The “brave new world” consists of beauty enthusiasts as young as 12 with no upper age limit, of all ethnicities across the gender spectrum. In response, Ulta has launched a second year of its Muse accelerator program for Black beauty founders and highlights Latinx, AAPI and LGBTQ-owned businesses on its website.

“Our biggest challenge is really about understanding that the context that our consumers live in, and what this category does for our guests and how we can best serve their needs,” Oates says. “That’s the central challenge of doing business anywhere.

“I use this analogy, that if we’re all driving a car, we have to know what’s around us. We have to use the rear-view mirror to see where we’ve been and how we got there and help us learn from it.
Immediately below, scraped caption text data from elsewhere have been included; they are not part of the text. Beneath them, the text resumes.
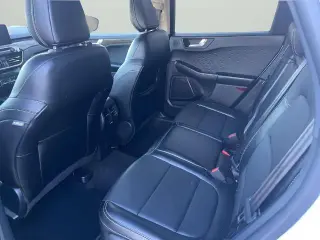Ford Escape 2020 AWD Titanium 4dr SUV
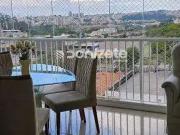 Apartamento para Venda em Santo André/SP Campestre 3 Quartos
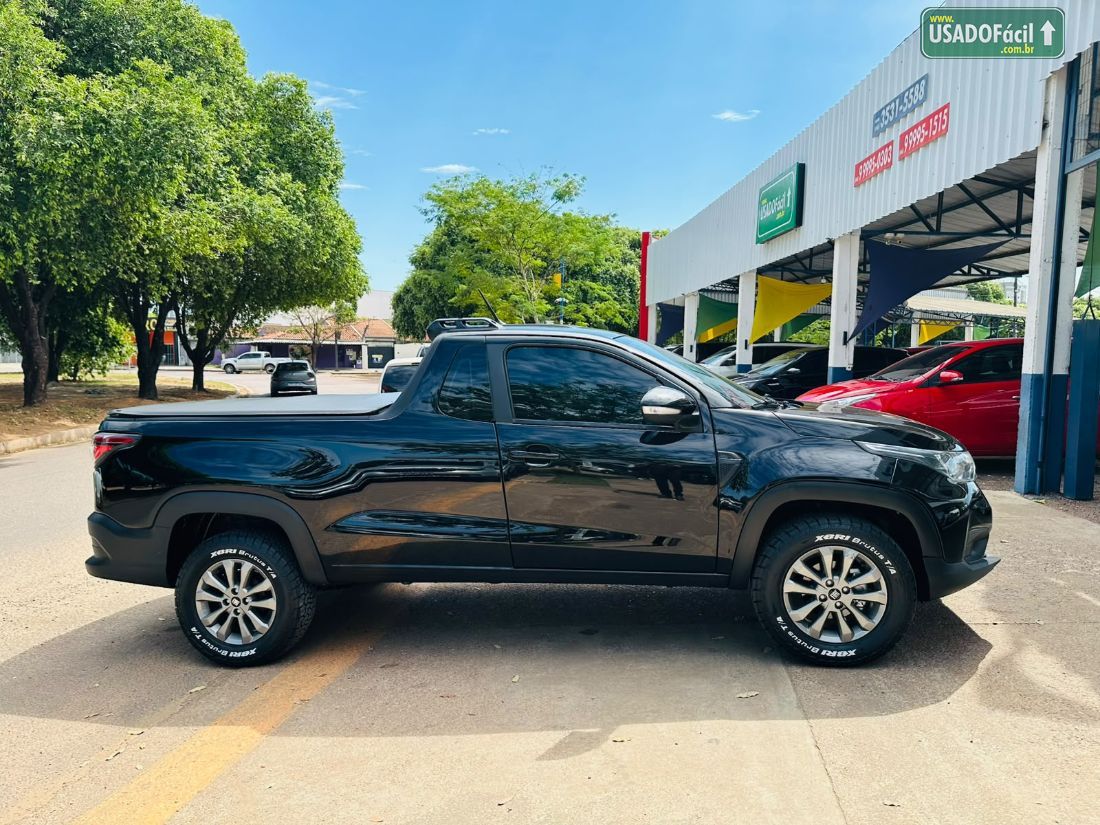 Fiat Strada Freedom Plus CS 1.3 Flex 2024/2025 — foto 15 de 15
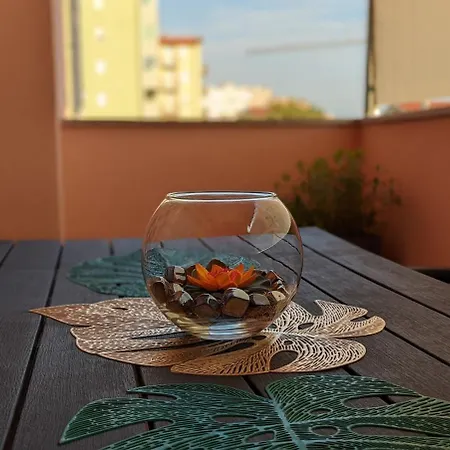 Apartmant Aria * Ljubuski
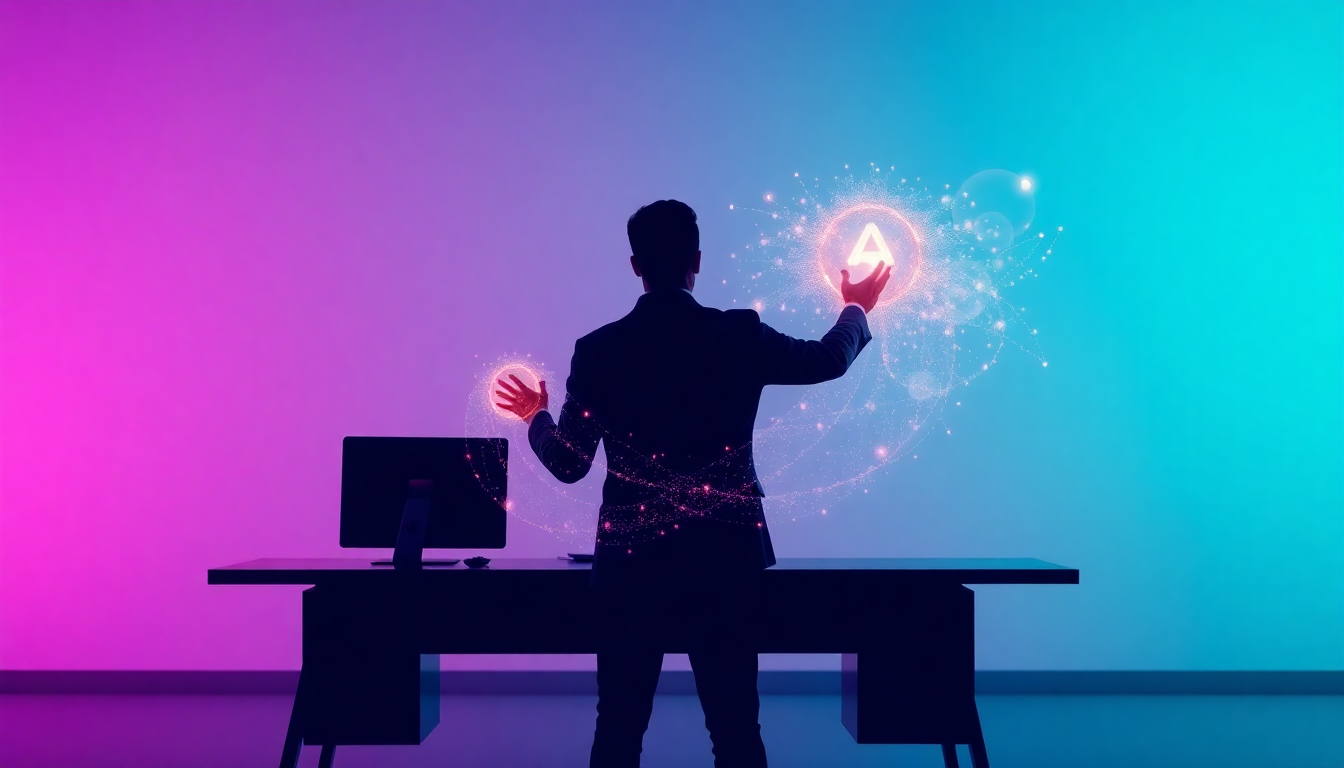 book blurb generator hero image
We also have to use the windshield to look forward and see what’s ahead and how we’re going to get there. And one is relative to the other because the windshield is bigger. And so we also serve as a forward-looking advisor unit to the organization to say what our customers are going to need in the future. And how do we go from here to there?”

The steady and measured route to success
As a marathon runner, she knows that you need focus and stamina to get from here to there. In the last year, Oates ran the Chicago Marathon and qualified for the Boston Marathon. “I completed my first ultramarathon, a 31-mile trail race with hills and river crossings. It’s been an exciting year but it’s tough fitting in training. This morning, I got up and ran 6 miles before my kids were awake,” she says.

During her time at St. Norbert, she was president of the Discovery International fair-trade store, played on the women’s golf team and was active in the Kappa Beta Gamma Greek organization.

“I also had a research grant working for a French professor and taught K-12. But I always knew my focus would be business. It’s the beauty that I did not expect.”